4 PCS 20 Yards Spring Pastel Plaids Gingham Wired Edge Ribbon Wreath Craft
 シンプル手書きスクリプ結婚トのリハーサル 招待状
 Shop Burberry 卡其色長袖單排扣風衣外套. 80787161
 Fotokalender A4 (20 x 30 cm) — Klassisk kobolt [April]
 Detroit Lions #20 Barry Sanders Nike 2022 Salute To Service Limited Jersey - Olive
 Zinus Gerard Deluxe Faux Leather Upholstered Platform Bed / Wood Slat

━━━━

* _ACTION ITEM_: Above are the records; restate each one exactly.

* _RESULT_:
4 PCS 20 Yards Spring Pastel Plaids Gingham Wired Edge Ribbon Wreath Craft
 シンプル手書きスクリプ結婚トのリハーサル 招待状
 Shop Burberry 卡其色長袖單排扣風衣外套. 80787161
 Fotokalender A4 (20 x 30 cm) — Klassisk kobolt [April]
 Detroit Lions #20 Barry Sanders Nike 2022 Salute To Service Limited Jersey - Olive
 Zinus Gerard Deluxe Faux Leather Upholstered Platform Bed / Wood Slat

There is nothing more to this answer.